Your task
Below, find the line containing "Donna's Delicate Pendant"; from there to the final line, print every line exactly and skip the pictures.

Data for this task

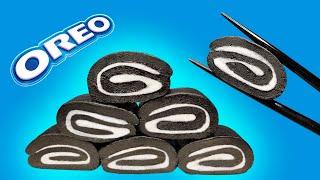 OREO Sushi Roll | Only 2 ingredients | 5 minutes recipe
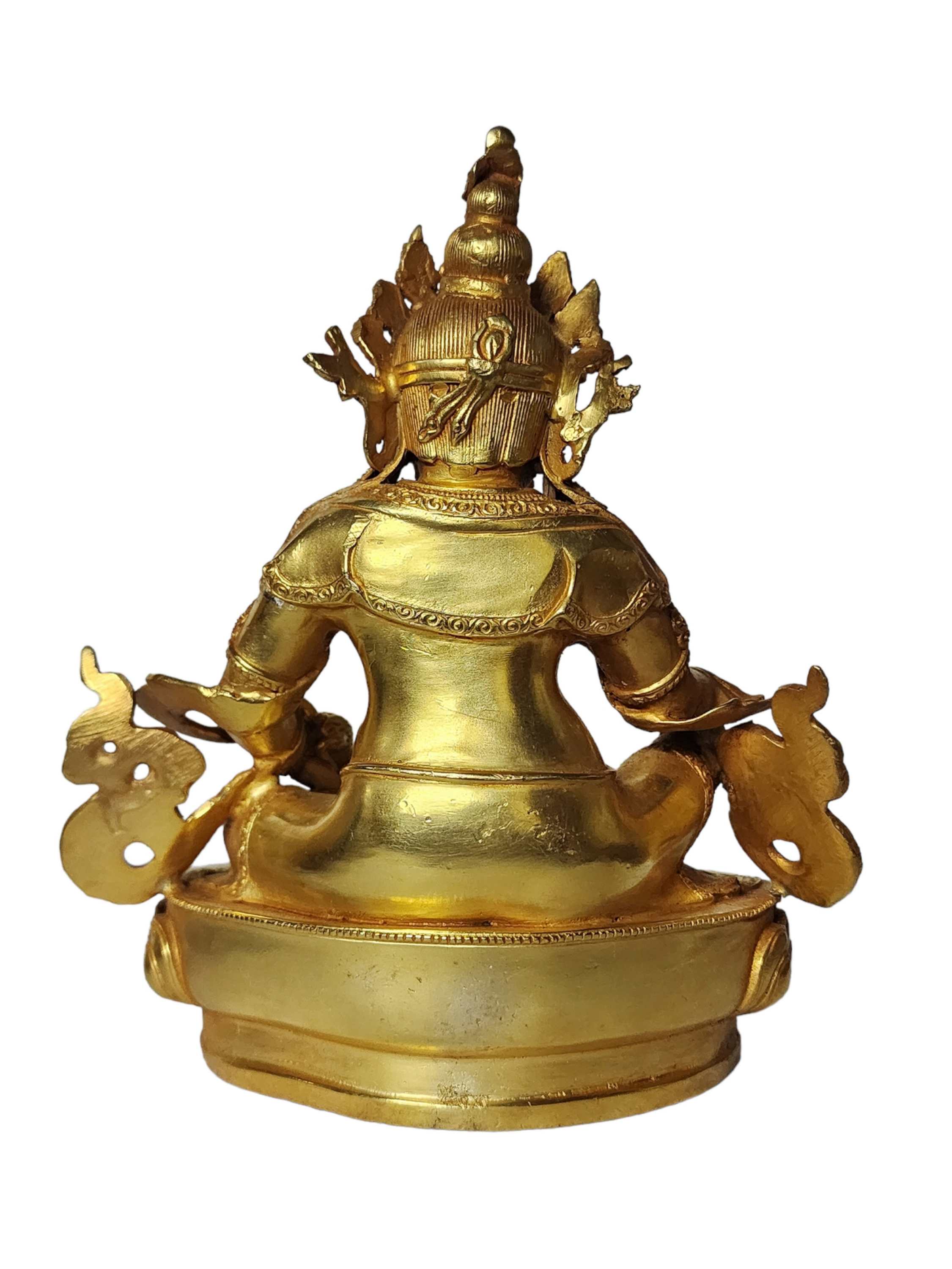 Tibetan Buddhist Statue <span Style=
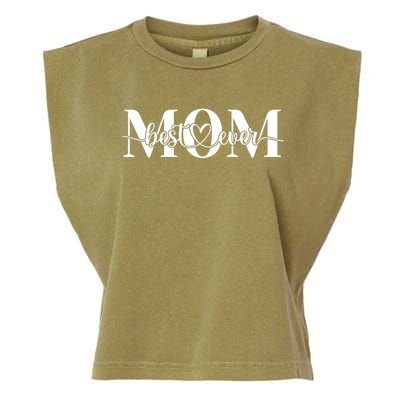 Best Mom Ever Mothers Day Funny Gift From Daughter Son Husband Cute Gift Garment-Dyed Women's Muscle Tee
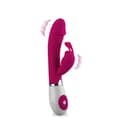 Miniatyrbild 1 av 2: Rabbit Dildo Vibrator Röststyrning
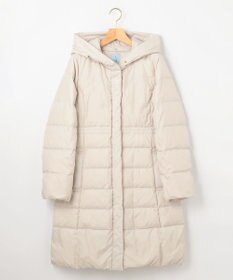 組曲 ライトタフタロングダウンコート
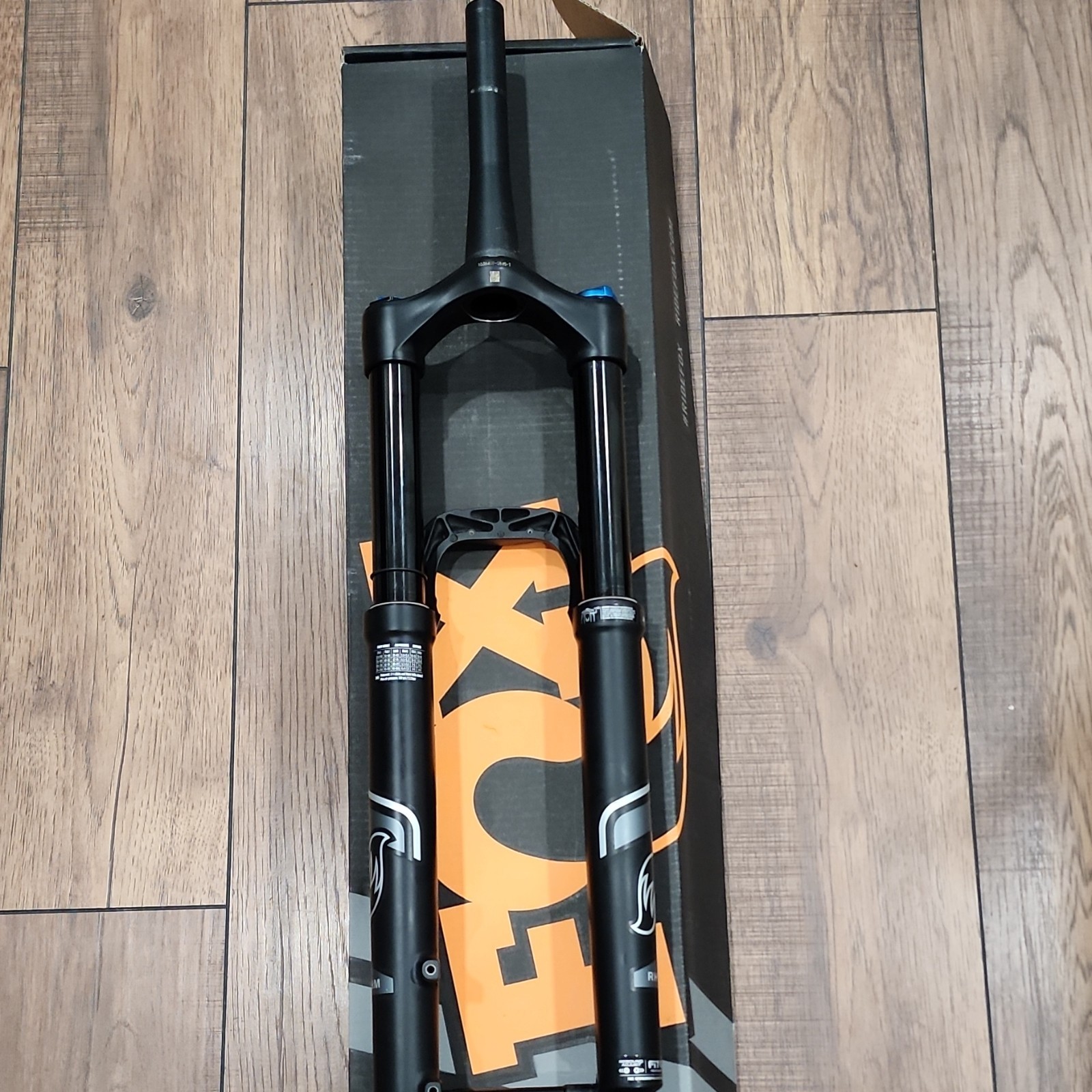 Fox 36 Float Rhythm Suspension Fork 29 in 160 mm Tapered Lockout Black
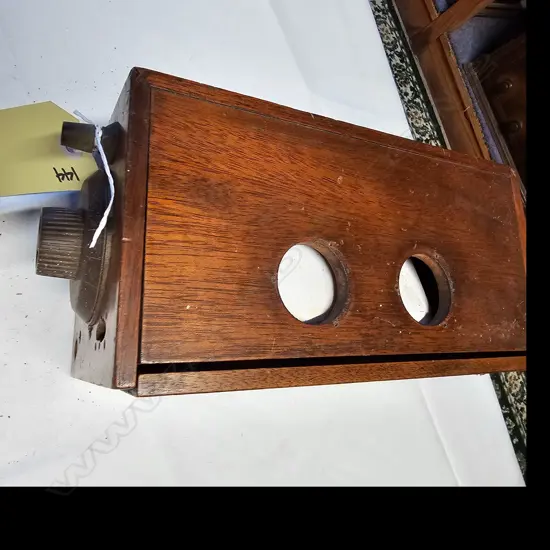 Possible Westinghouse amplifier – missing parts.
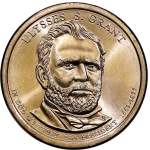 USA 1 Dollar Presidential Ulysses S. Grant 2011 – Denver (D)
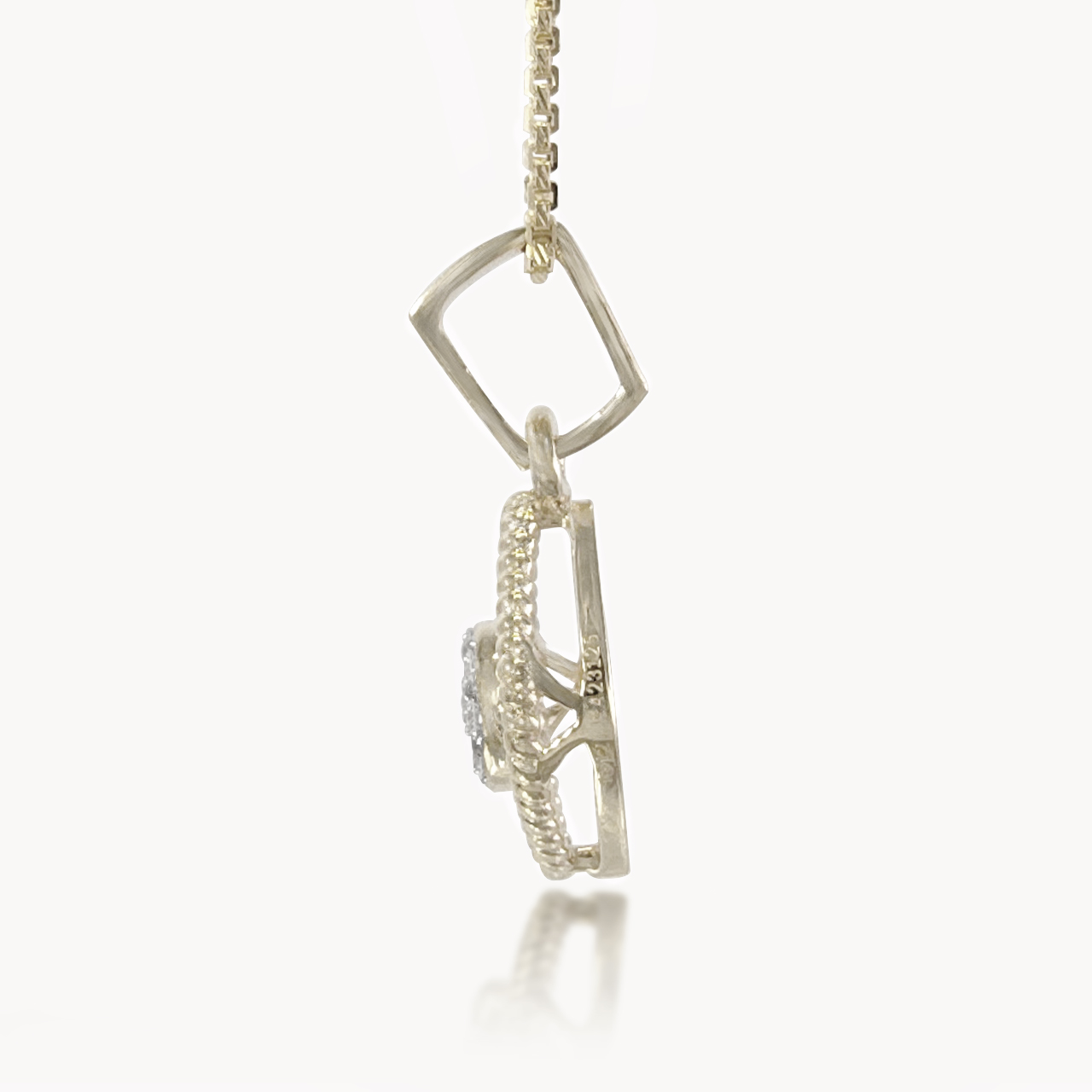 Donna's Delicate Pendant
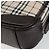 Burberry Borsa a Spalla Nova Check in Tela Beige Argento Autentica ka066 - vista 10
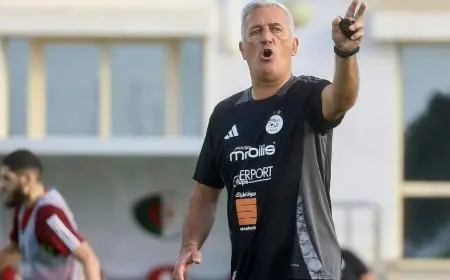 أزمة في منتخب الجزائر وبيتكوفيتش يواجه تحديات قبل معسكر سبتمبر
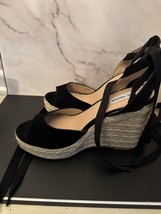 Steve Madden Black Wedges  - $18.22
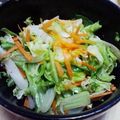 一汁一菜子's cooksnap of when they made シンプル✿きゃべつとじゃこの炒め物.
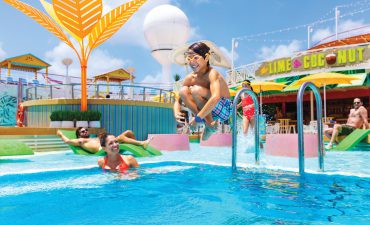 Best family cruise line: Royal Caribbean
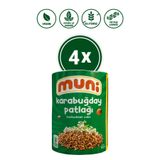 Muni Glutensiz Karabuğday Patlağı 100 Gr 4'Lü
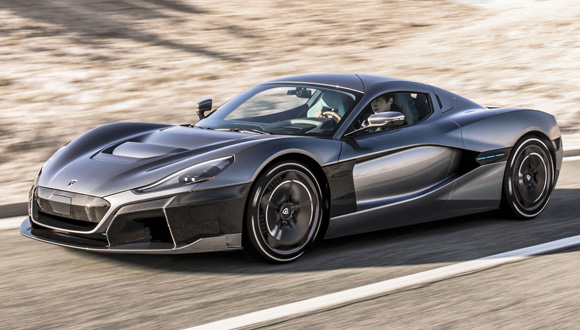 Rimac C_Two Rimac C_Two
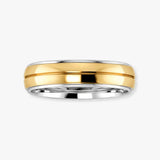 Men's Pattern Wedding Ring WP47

Response to the task
 Donna's Delicate Pendant
 Burberry Borsa a Spalla Nova Check in Tela Beige Argento Autentica ka066 - vista 10
 أزمة في منتخب الجزائر وبيتكوفيتش يواجه تحديات قبل معسكر سبتمبر
 Steve Madden Black Wedges  - $18.22
 一汁一菜子's cooksnap of when they made シンプル✿きゃべつとじゃこの炒め物.
 Best family cruise line: Royal Caribbean
 Muni Glutensiz Karabuğday Patlağı 100 Gr 4'Lü
 Rimac C_Two Rimac C_Two
 Men's Pattern Wedding Ring WP47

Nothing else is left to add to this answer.